| John Bafford ( @ 2006-11-01 15:45:00 |
| Current location: | Zend Conference, Doubletree, San Jose, CA |
| Entry tags: | php, zendconference2006 |
ZendCon Session Notes - Caching Systems
Presented by Ilia Alshanetsky.
Ilia presented a number of different caching approaches and talked about their pros and cons:
Complete Page Content Caching
This can be implemented simply: Create a cache() function that tries to read in a cache file. If the file is too old or non-existant, call your init_cache() function, which turns on output bufferent and sets up a register_shutdown_function() which gets the content out of the output buffer, echos it out, and writes out the cache file.
When writing the cache file out, you will want to use a tempnam(), file_put_contents(), and then rename(), so that you don't run into issues with multiple connections attempting to write into the same file at the same time.
This is fast, but it requires that the entirety of your page be cacheable, which is not often the case.
Compressed Page Cache
If the browser accepts gzip, we can Content-Encoding: gzip and use a compressed version. This can be done really easily with:
copy("/tmp/index.html", "compress:zlib://" , $tmp_name);thanks to the magic of PHP file streams.
Content Pre-Generation
This cache generation code can be simpler than on-the-fly full-content caching, because we're manually triggering the cache generation operation and creating the entire website all at once. This allows us to ignore having to handle locking issues when multiple accesses attempt to write out a page's cache multiple times. However, this may result in the generation of pages no one may visit; and the disk space used may be very large. The time to generate an entire site's worth of content may also be very large.
On-Demand Caching
Instead of creating all the content of the site all at once, we can instead create it on-the-fly, by implementing a 404 error handler which generates the page the user was trying to access. On a 404 to an .html file, the error handler generates the page, then writes it out to that file. Future accesses to the page hit the static content, and are very fast.
Partial Page Caching with APC
APC also has the ability to create and manage shared memory regions, which provides easy access to a shared memory cache:
apc_store($key, $contents, $ttl) $contents = apc_fetch($key) apc_delete($key)
APC isn't a built-in extension, so this limits its availability, however.
SQL Query Caching
When doing a search that is slow, you can store the ids for the results of a search query into a database table keyed by date and search id. Ilia also suggested limiting query results to 1000 items. More than that indicates that the user is probably doing too broad of a search. (If it's good enough for Google, it's good enough for you.)

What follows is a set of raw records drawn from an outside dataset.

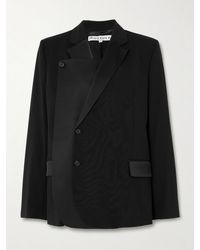 JW Anderson - Double-Breasted Asymmetric Wool-Blend Blazer - Lyst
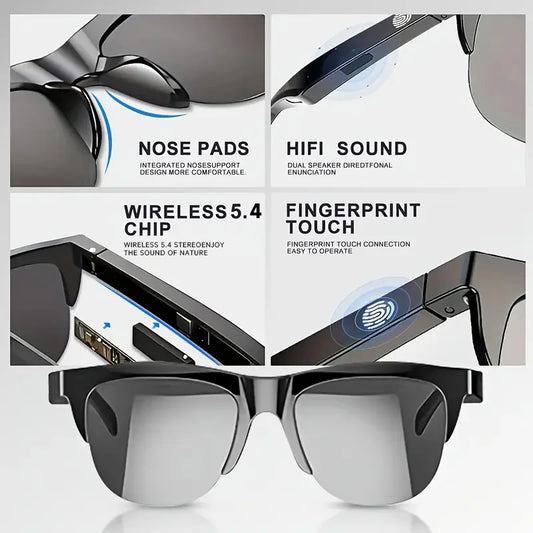 SIMSONLAB F06 Smart Glasses | Bluetooth Audio, Replaceable Frame & UV Protection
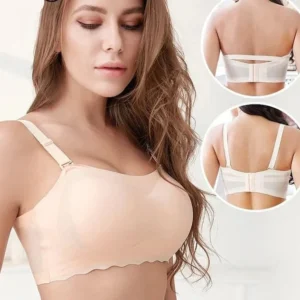 Ice Silk Non-Slip Tube Top Strap Bra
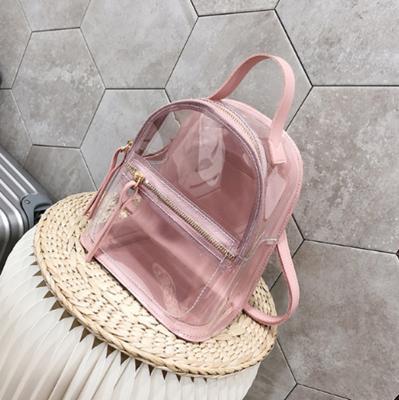 China Raincoat Customize Transparent Small Bag Clear Mini Backpack Waterproof PVC For Girls for sale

In-Memory Caching without APC
If APC is not available, you can use the built-in shmop module to gain the same benefits. However shmop requires a little more code to use.
Browser Caching
Finaally, you can have the browser cache the content by sending Expires, Last-Modified, and Etag headers (and also returning 304 results to tell the browser that it can continue to use its cached copy). This reduces data send and server resource use to next to zero, but it's not always guaranteed to work and there's flimsy control over the cache age, since you're at the mercy of the browser's cache algorithm.